武器も防具も高額なのだ。最低でもン十万円から、上は億なんて商品も存在している。
「高いだろ」
「そう! 高すぎますよねっ! なんであんな値段なんですか! 大体、剣道でもやってればともかく、剣なんか使えませんよ!」
「一応JDA預かりで、ダンジョンの中だけで使う銃が、資格を取れば使えるらしいぞ。高いし下層では役に立たないから、意外と人気がないけどな」
「銃なんて訓練してもいないのに、あたりませんよ」
「お前、学生の時はどうしてたの?」
「レンタルです」
「……そんなものまであるのか」
「まあ、ツアーみたいなものでしたから」
「実際のところ、ハンマーかナタ、あとは斧あたりが無難だろうな」
「そうですね。今回は、片手の使いやすいハンマーが良いですよ」
「お? 何かプランがあるのか? やっぱり初心者御用達、二層のゴブリン?」
「実は、1層のスライムで試してみたいことがあるんです」
「はあ?」
代々木の1層の主たるモンスターはスライムだ。ところがこのモンスター、すこぶる人気がない。

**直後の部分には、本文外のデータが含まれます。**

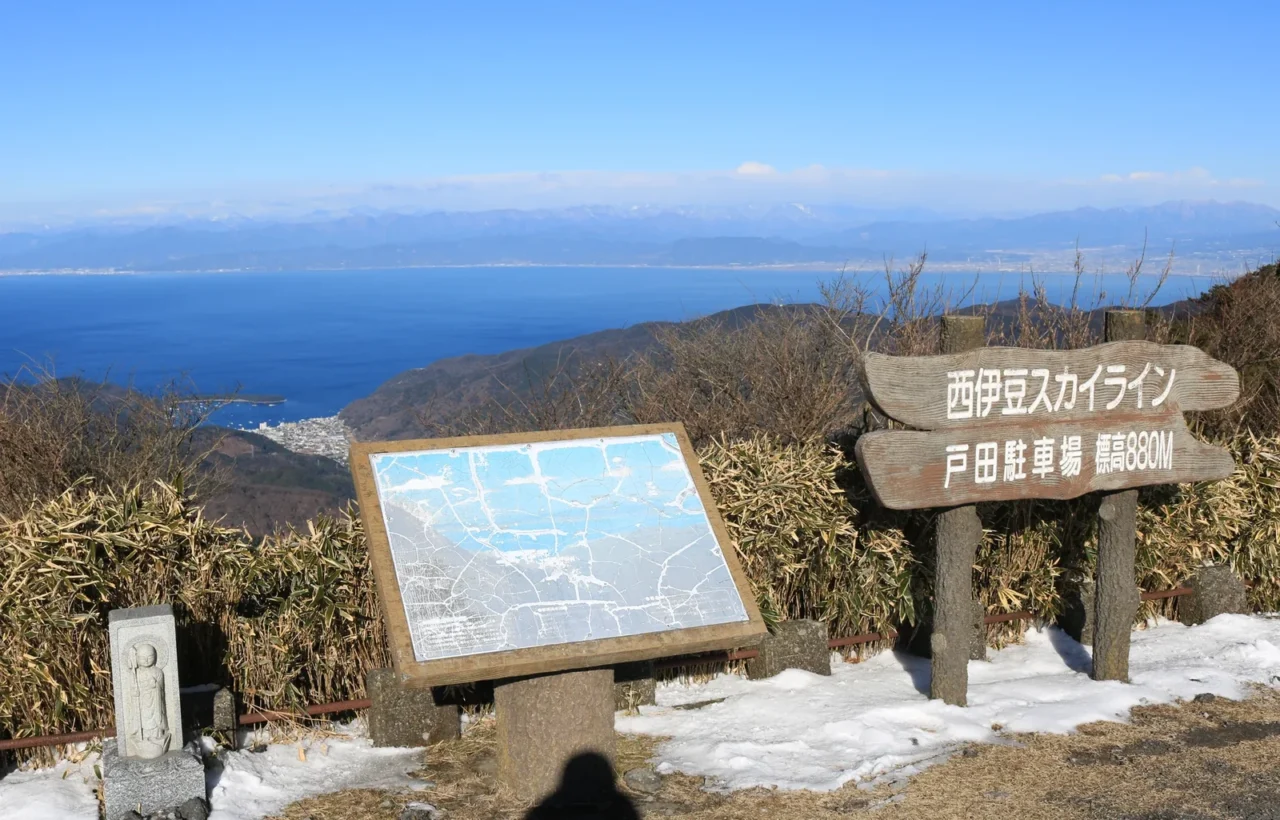 西伊豆天景線觀景台木製標誌與地圖看板豎立,背景相模灣與白雪覆蓋遠山。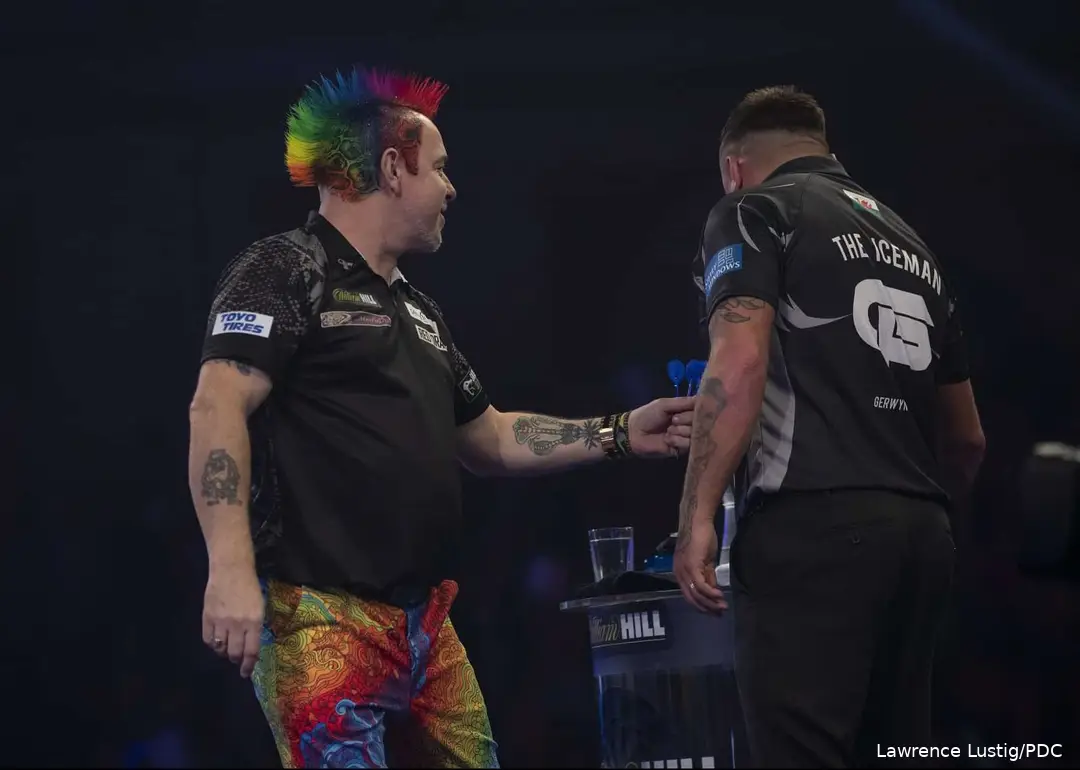 Manchmal sind die Haare des Schotten das Highlight seines Outfits. Mit einer Frisur in allen Farben des Regenbogens schlug er Price, um das Finale der Weltmeisterschaft 2020 zu erreichen.
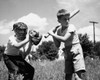 Two boys playing baseball in field Poster Print - Item # VARSAL2559940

倒しづらい、経験値が低い、ドロップがでない、いいところがないのだ。
しかもだだっ広い代々木ダンジョンの二層への階段は、一層へ降りた階段のすぐ近くにある。結局、ほとんどの探索者は二層を目指すわけだ。
予想外の対象モンスターに少し驚いていた俺が我に返ったときには、皿に残った最後のワンタン争奪戦に敗れた後だった。